Lorsque tout fut prêt et que nous remontâmes, ma sœur Tania avait cédé à la fatigue et dormait pelotonnée sur un divan dans la chambre de petite tante. On avait couché Volodia. Maman évoquait le bon vieux temps avec tante et Maria Nikolaïevna. Ma sœur Lise nous lançait des regards interrogateurs. Chacune des minutes de cette soirée est restée gravée dans ma mémoire.
A la salle à manger, qu’éclairait une baie vitrée, Alekseï, le valet de chambre, mettait le couvert. Il était de petite taille et louchait un peu. Douniacha, imposante et non dépourvue de beauté, lui prêtait assistance. Elle était fille de diadka Nicolas dont Léon Nikolaïévitch a tracé le portrait dans Enfance. La porte de la salle à manger s’ouvrait au milieu du panneau sur un petit salon et laissait apercevoir un vieux clavecin en bois de rose. Les portes du salon donnaient accès sur une baie semblable à celle de la salle à manger d’où l’on avait une vue ravissante qui, par la suite et durant ma vie entière, devait charmer mes regards et que j’aime encore aujourd’hui.
Je pris une chaise et allait seule m’asseoir sur le balcon contempler la vue. Bien que je sois incapable de le décrire, je n’ai jamais oublié l’état d’âme dans lequel j’étais alors. Était-ce l’impression que produisaient sur moi la pleine campagne, la nature, l’espace ? Était-ce le pressentiment de ce qui devait arriver six semaines plus tard quand j’entrai dans cette demeure en qualité de maîtresse de maison ? Était-ce simplement mes adieux à ma vie et à ma liberté de jeune fille ? Ou bien était-ce tout cela à la fois ? Je ne sais. J’étais grave, heureuse et éprouvais un sentiment nouveau, infini.

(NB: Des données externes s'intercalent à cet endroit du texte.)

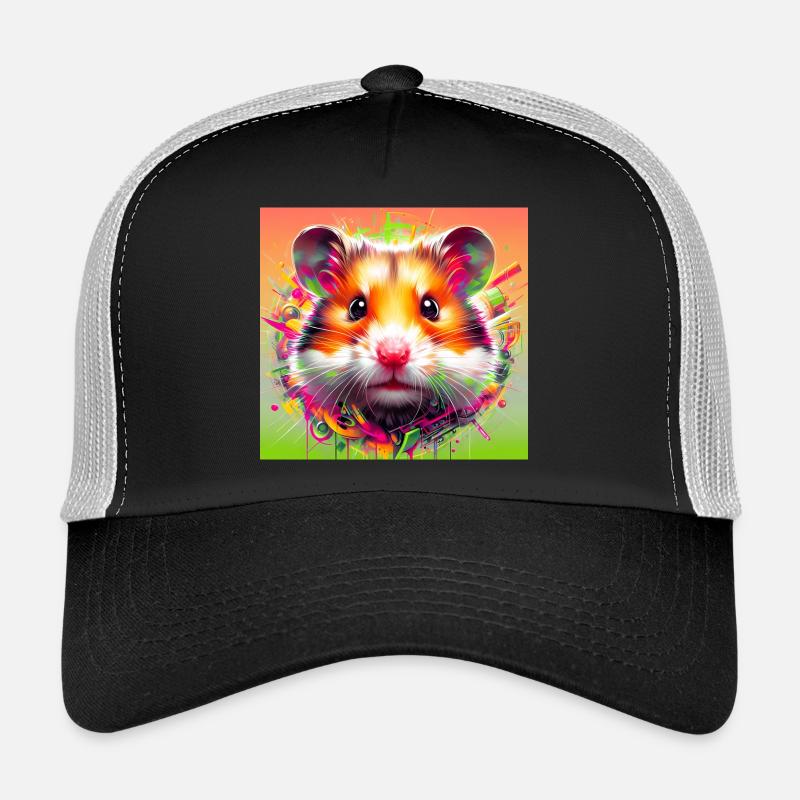 hamster Casquette trucker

Quand tout le monde fut réuni à la salle à manger pour dîner, Léon Nikolaïévitch vint me chercher.
— Non, merci, je n’ai pas faim, lui dis-je. Il fait si bon ici !
De la salle à manger me parvenaient les éclats de la voix prétentieuse, fantasque et rieuse de ma sœur Tania qui avait l’habitude d’être gâtée par tout le monde. Léon Nikolaïévitch prit place à table, mais sans achever son repas, il revint auprès de moi. De quoi parlâmes-nous ? Je ne me le rappelle plus en détail. Je me souviens seulement qu’il me dit : « Comme vous êtes simple, claire ! » Ces paroles me furent agréables.
Comme je dormis bien dans le long fauteuil que m’avait préparé Léon Nikolaïévitch ! Le soir, je me tournai de côté et d’autre et me sentais légèrement à l’étroit et mal à l’aise entre les deux bras. Mais intérieurement, je souriais de plaisir à la pensée que c’était Léon Nikolaïévitch qui m’avait préparé mon lit. Un sentiment nouveau, joyeux, emplissait mon jeune être. Je m’endormis.